If it can take on different values, it’s a variable. They come in a variety of flavours:

Independent Variables

These are the variables that represent inputs or causes: potential reasons for variation.

In experimental design these are the variables that we manipulate such as group membership, intervention/treatment regime, gender, age1.

Example:

In Holding the Hunger Games Hostage at the Gym: An Evaluation of Temptation Bundling Milkman, Minson and Volpp set up an experiment to assess the effect of temptation bundling on gym attendance, here their independent variable was access to audiobooks of the participants choice. Some they only had access to them at the gym, some had access to them at any time and some weren’t given audiobooks at all.

In machine learning the independent variables are the ‘features’ of the dataset.

Example:

If we were investigating the California Housing Prices Dataset the following would be our independent variables:

  • longitude and latitude
  • housing median age
  • total rooms
  • total bedrooms
  • population: total number of people residing in a block
  • households: total number of households (a group of people residing in the same unit) in a block
  • ocean proximity

Dependent Variables

These are the thing we’re actually studying. Their values are, theoretically2, dependent on the values of the inputs or independent variables.

Examples:

Milkman et al were studying the impact of reward bundling on gym attendance so their dependent variable was average weekly gym attendance frequencies3.

When performing regression on the California Housing Prices dataset this would be median housing price.

Controlled variables

Control or controlled variables are those which are kept the same throughout the whole experiment, they are potential confounding variables which have been identified and neutralised by the experimenter. Any change to these variables invalidates correlation between the independent and dependent variables.

Confounding (Extraneous) Variables

A confounding variable is one that might influence the dependent variable and whose effects might explain the outcome if not controlled for. There are three types of confounding variable: situational, participant, and experimenter effect1.

Situational

Aspects of the environment such as light levels, noise etc.

For example in Milkman et al the gym itself becomes a variable, and one that is not easily controlled beyond limiting participants to a single gym.

Widlus and Jones’ study Do Exploratory Arm Movements Contribute to Reach-Ability Judgments? possibly provides better examples of this.
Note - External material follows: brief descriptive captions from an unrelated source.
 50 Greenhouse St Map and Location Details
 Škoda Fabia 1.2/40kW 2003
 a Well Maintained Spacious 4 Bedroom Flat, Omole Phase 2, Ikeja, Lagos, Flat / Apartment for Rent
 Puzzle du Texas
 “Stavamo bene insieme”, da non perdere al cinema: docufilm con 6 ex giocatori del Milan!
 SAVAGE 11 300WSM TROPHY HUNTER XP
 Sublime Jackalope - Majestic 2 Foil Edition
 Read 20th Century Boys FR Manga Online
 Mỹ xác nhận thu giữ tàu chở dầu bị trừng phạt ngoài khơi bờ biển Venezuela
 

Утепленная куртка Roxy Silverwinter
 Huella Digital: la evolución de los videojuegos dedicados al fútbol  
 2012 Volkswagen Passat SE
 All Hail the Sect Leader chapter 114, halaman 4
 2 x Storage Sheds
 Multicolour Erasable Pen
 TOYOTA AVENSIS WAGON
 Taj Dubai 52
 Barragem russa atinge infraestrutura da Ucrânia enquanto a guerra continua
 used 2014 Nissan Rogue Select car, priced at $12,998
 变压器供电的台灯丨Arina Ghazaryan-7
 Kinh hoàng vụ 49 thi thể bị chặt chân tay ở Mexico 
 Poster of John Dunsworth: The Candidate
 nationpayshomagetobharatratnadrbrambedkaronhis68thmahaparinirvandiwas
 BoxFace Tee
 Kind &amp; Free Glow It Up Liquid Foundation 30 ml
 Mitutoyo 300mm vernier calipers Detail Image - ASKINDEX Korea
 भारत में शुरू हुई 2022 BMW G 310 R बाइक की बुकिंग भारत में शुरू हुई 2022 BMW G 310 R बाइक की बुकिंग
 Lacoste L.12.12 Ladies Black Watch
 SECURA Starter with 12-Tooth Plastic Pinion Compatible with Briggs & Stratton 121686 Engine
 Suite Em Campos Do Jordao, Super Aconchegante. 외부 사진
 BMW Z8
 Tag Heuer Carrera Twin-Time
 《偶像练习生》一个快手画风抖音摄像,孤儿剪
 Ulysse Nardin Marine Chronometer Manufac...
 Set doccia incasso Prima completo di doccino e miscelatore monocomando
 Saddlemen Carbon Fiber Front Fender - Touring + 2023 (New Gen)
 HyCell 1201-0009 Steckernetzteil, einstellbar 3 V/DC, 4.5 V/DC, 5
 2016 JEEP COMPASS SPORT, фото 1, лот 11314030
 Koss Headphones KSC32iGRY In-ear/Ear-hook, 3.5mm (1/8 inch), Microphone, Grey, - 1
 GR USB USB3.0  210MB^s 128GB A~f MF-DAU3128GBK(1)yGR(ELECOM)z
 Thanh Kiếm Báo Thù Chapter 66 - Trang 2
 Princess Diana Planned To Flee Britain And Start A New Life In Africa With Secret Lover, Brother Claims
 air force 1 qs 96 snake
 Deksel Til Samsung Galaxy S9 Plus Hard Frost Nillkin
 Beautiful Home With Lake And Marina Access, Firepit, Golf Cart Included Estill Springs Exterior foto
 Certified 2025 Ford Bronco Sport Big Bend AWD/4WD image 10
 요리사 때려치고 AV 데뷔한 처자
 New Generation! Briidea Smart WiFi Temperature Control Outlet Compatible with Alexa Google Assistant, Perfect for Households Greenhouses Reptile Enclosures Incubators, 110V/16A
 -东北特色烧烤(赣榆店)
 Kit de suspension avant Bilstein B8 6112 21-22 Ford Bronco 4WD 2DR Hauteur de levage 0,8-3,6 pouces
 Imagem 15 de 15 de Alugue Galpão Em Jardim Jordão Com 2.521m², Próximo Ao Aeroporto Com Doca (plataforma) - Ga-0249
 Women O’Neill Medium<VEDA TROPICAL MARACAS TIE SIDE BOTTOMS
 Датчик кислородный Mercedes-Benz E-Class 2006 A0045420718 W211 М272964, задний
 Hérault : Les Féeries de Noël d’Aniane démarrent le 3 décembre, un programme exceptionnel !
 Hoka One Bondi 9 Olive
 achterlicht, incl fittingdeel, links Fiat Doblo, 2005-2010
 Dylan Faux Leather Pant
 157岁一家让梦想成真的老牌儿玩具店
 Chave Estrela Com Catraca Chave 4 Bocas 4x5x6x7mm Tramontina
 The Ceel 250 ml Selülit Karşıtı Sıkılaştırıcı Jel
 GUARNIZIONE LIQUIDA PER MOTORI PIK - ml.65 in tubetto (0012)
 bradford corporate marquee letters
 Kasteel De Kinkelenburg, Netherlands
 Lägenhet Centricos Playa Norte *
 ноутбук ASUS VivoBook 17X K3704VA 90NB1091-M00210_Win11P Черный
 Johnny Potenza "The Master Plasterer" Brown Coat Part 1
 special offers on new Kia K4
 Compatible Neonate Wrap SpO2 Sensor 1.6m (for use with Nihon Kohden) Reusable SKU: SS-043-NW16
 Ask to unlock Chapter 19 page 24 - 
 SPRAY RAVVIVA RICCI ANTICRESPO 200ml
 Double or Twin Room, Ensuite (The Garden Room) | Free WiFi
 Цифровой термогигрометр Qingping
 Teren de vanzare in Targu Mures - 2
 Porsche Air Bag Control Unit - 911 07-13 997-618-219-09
In this study they randomised starting distances and angles so that the participants couldn’t use aspects of the environment (walls, marks on the floor etc) as aids to judgement of their ability to reach the object at the focus of the experiment.

Participant

The ways in which participants vary from each other: experience, mood, anxiety etc.

For Milkman et al, this could include determination to get fit, anxiety associated with public exercise, mood on any given day etc.

While for Widlus and Jones it might include aspects of the participants personal life, for example those who climb are generally better at judging whether or not they can reach something as it is a skill they practice on a regular basis.

Experimenter effect

The experimenter unconsciously conveying to the participants what the outcomes are that they want, and how they want them to behave. The experimenter may be totally unaware that they are doing this.

While neither of these studies provide a good example of this it is something which is commonly seen in surveys, where questions are frequently subtly (or occasionally overtly) leading the respondee towards the desired outcome of the study.

Sources

McLeod, S. A. (2018, Aug 10). Independent, dependent and extraneous variables. Retrieved from https://www.simplypsychology.org/variables.html Singh and Bajapi (2008) Research Methodology: Techniques & Trends. APH Publishing Corporation, New Delhi.

  1. while these last two aren’t directly under the control of the experimenter it is possible to set your groups up in such a way as to assess the impact that gender and age have on the dependent variables.  2

  2. This may not actually be the case, as there may of course be no relation between the two at all. 

  3. Clearly this doesn’t actually tell you anything about the quality of the time put in, but as that wasn’t the focus of the study it doesn’t much matter.